In Clio Cresswell's book "Mathematics and Sex" - sampled here in this TED Talk - she reminds us of a potent and often forgotten principle: Math, in its essence, is about harnessing the power or patterns. No one really likes to be distilled down to a statistic or completely generalized because it seems to stamp out our individuality, character, and communication style, but there are a lot of interesting and surprising patterns to be gleaned from large enough sample sizes. That's where the power of math and sex (or math and love) is found - we're able to learn incredibly high-level things and then make predictions based on them. 

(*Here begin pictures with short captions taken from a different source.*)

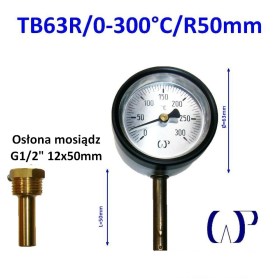 TB63R-0-300-R50mm osłona mosiądz G1/2":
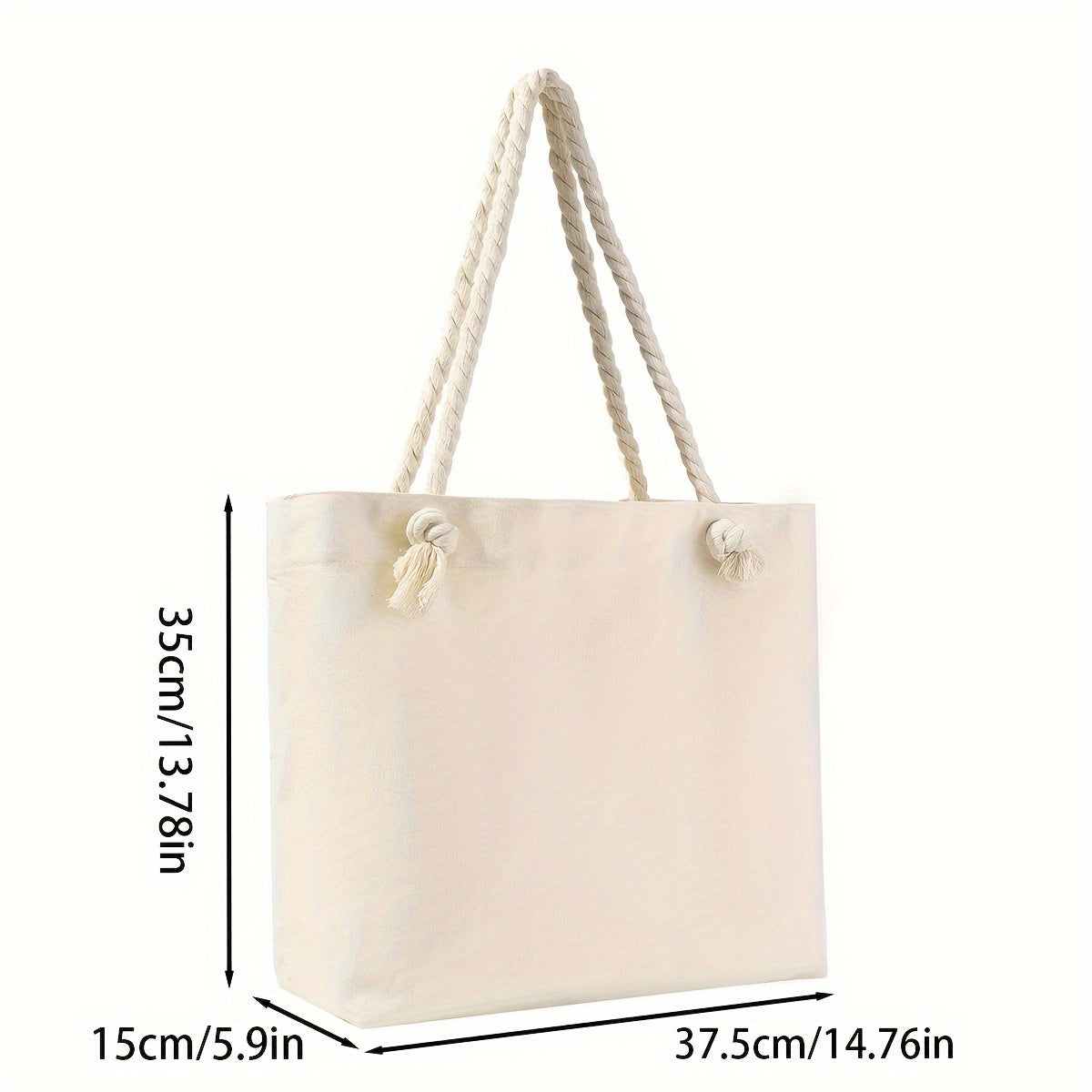 Canvas Tote Bag with Embroidered Design Large Capacity Foldable Washable for Casual, Travel, and Beach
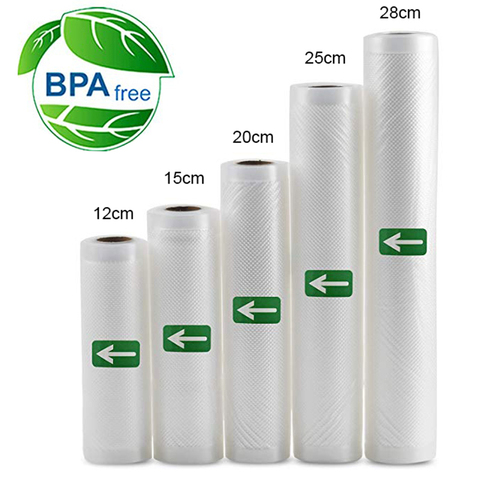 5 rollos/2 rollos por lote bolsas de almacenamiento al vacío para alimentos de cocina para sellar al vacío alimentos mantener 12 + 15 + 20 + 25 + 28cm * 500cm ► Foto 1/6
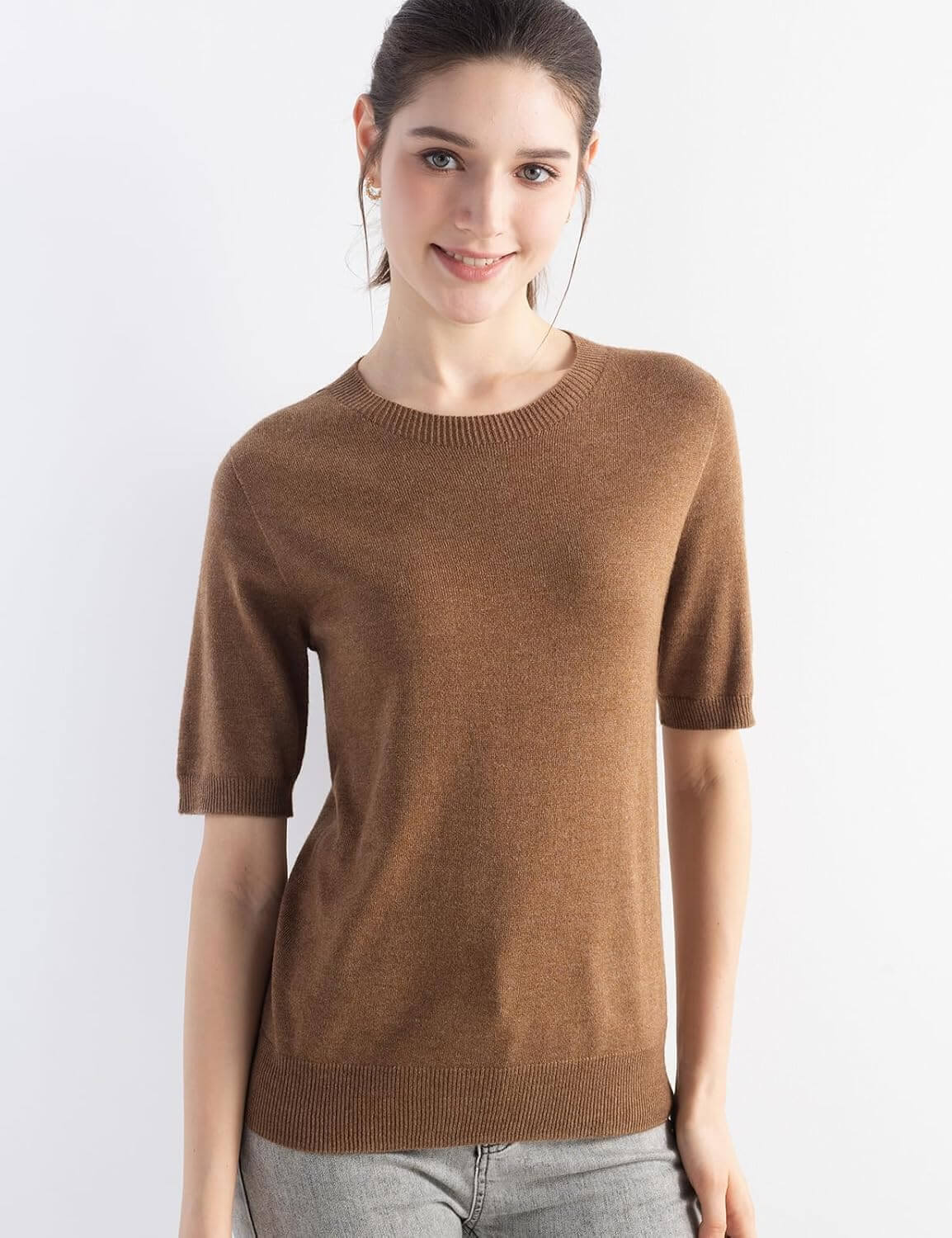 Merino Wool Blend Crew Neck Short Sleeve Seamless Knit Sweater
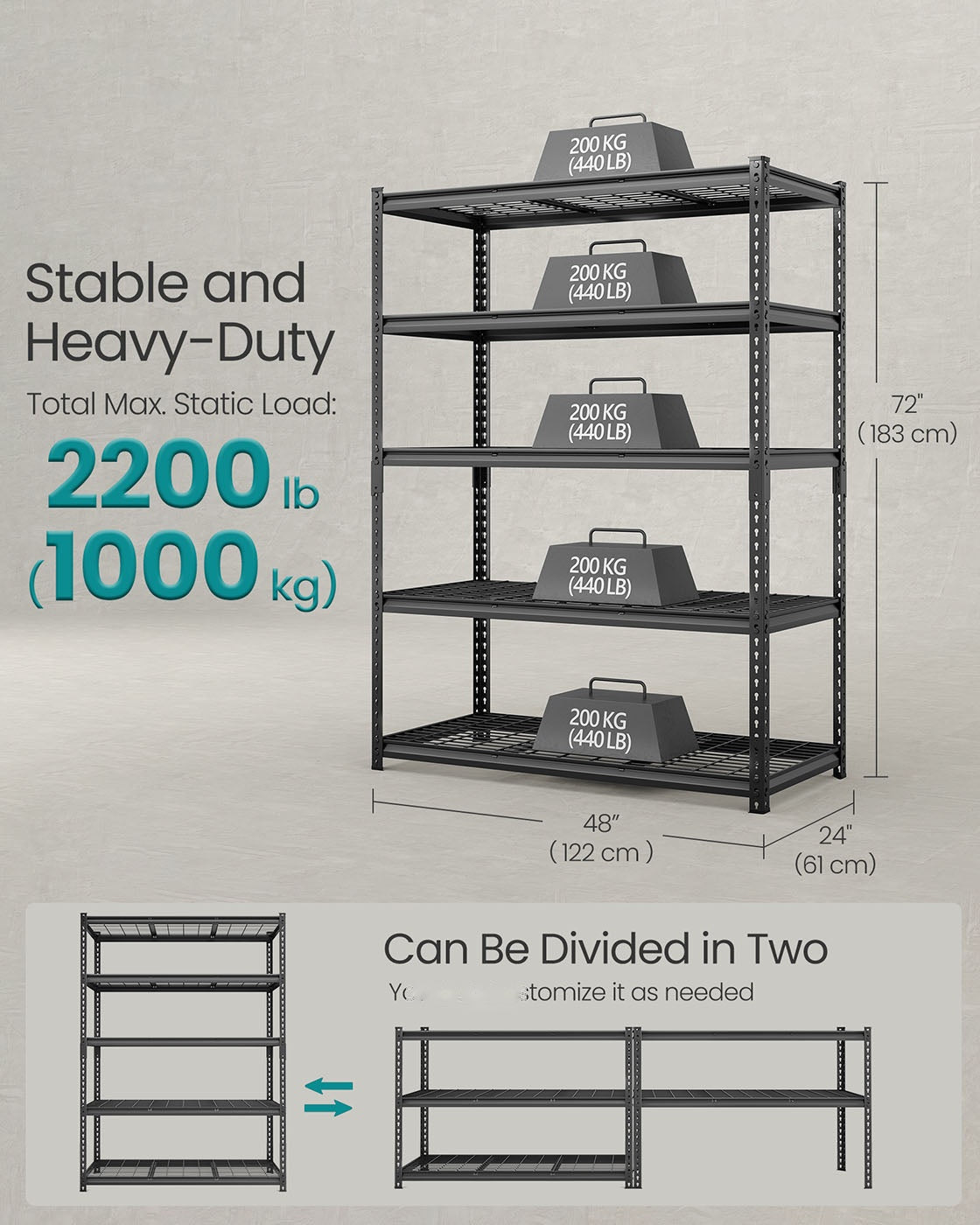 5 Tier Heavy Duty Garage Shelving, 2200 lb Capacity Boltless Rack - product photo 16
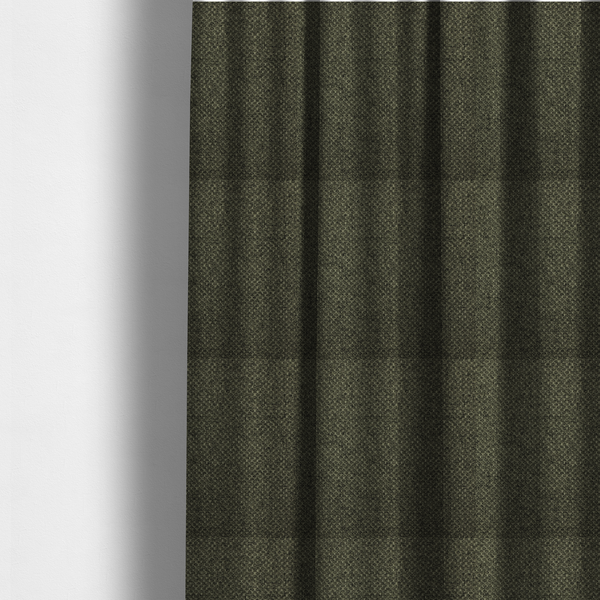 The fabric used to create these made-to-measure curtains is a tightly woven fabric in a deep, sophisticated olive green, featuring a distinct, structured basket-weave pattern.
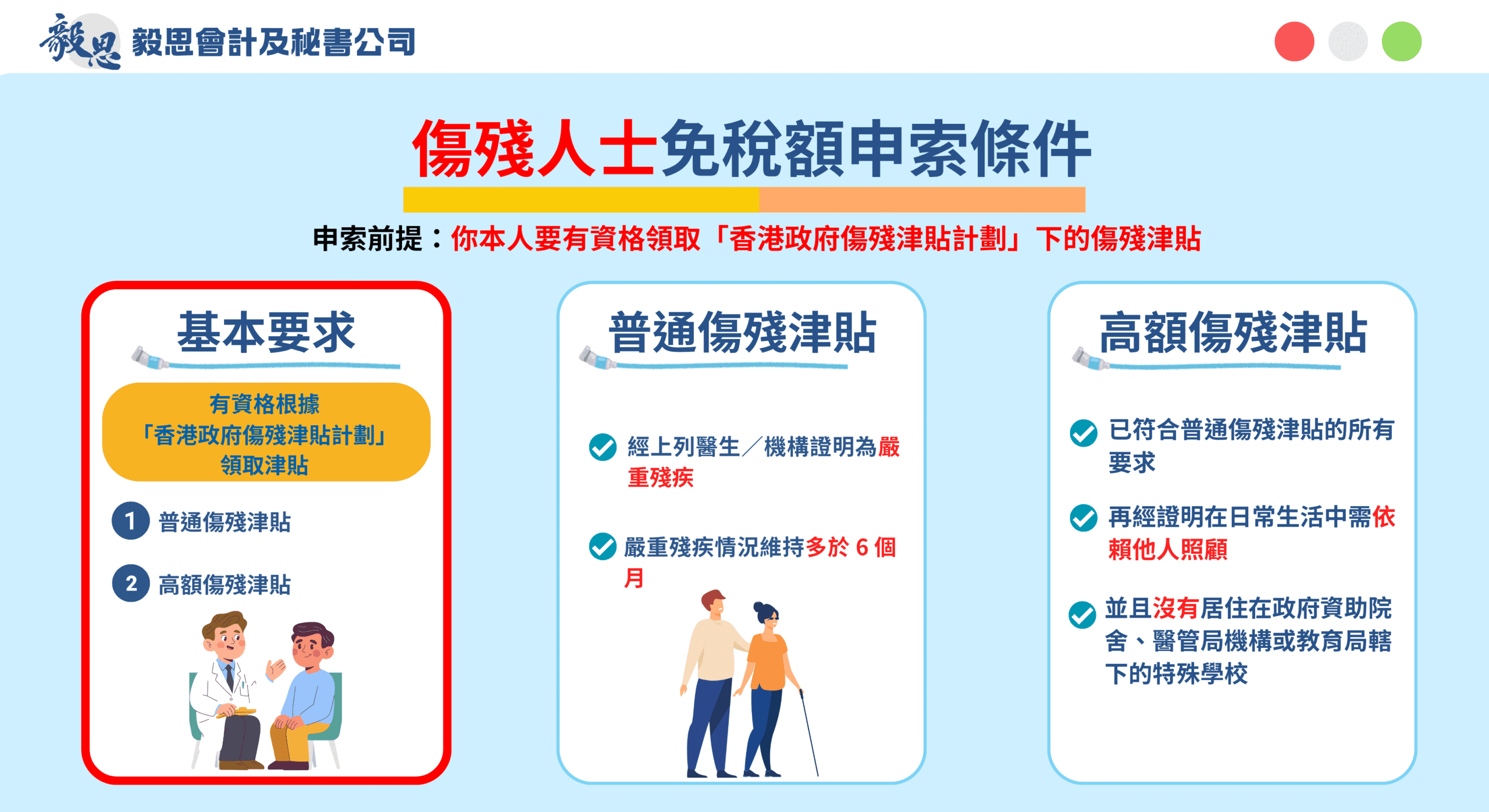傷殘人士免稅額申索條件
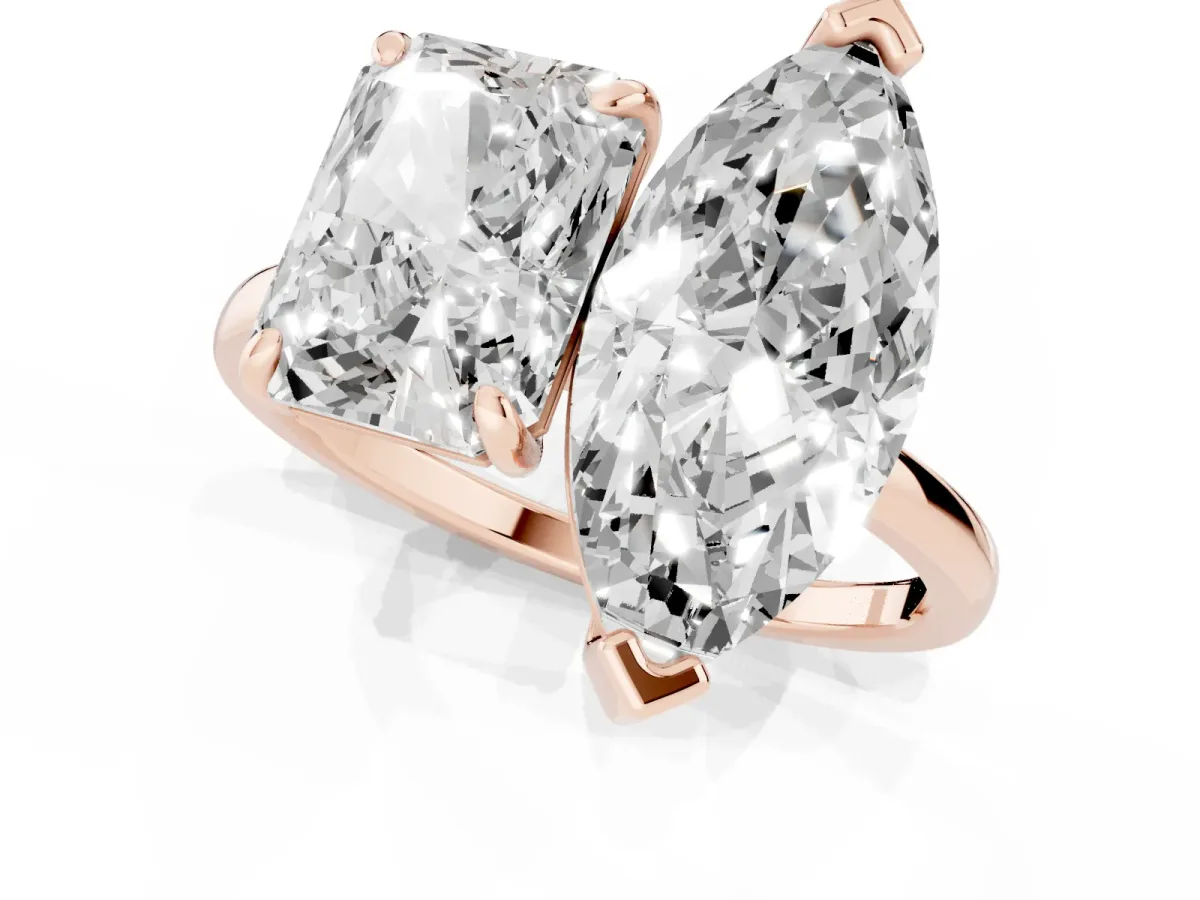 Radiant and Marquise Toi Moi Ring with Prong Setting and Plain Band Rose gold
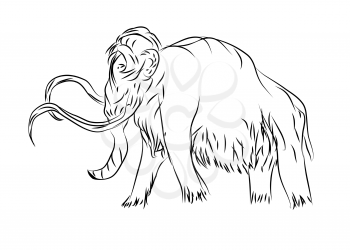 mammoth. outline animal isolated on a white background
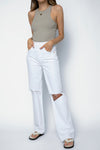 RE/DONE 90s High Rise Loose Jean in White with Rips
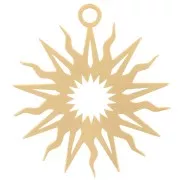 16mm Hollow sun pendant by Perles&Co - sun pattern - Fine gold plated x1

Take, for example, Clio's initial equation about marriage. It's certainly complicated, but it predicts with 95 percent accuracy if a couple will still be married after six years. This would seem like an impossibility, and it's important to note that there will be outliers, as always - but if we knew the formula and the ways the factors interact, we might be able to give ourselves the greatest chance for success.

There is tons and tons of research out there accounting for relationship and sexuality factors. It turns out that one of the most important predictors of the success of your relationship is how quickly you address negative emotions you're having, for example. Researchers are able to tell you how long you should date before getting married (about two years), how many partners to have before picking "the one" (12), and how often you should have sex to be personally satisfied and close to your partner (once a week). And those don't apply to everyone, right? They're too vague - they don't account for the ways all the different factors of your relationship interact with each other. When learned individually (and taken too seriously), they can do more harm than good.

And that's where math comes in. Mathematicians are improving their ability to write equations for abstract concepts like love and sex drive and joy every day, meaning that we're able to see a scaled back picture of these patterns, a way to conceptualize love and orgasm and exactly how much porn we should be watching to reap the maximum potential of our libidos without inhibiting our ability to enjoy real live sex. 

Sadly, most people are critical of "sexualizing" math in this way, as if the benefits of these studies wouldn't massively improve our lives. Articles and books citing factors that impact our sex lives and relationships are a dime a dozen, but there are so few pieces of legitimate work that reflect the viability, weak points, and strong points of our own partnerships, both romantically and sexually. I'm hoping that will change - I, for one, would love to soak up as much knowledge as I can. 

The good news? Cresswell told Letterman that one possible working title for her next book is "Clitoris Calculus" - and believe me, I'll be the first to read it and report back.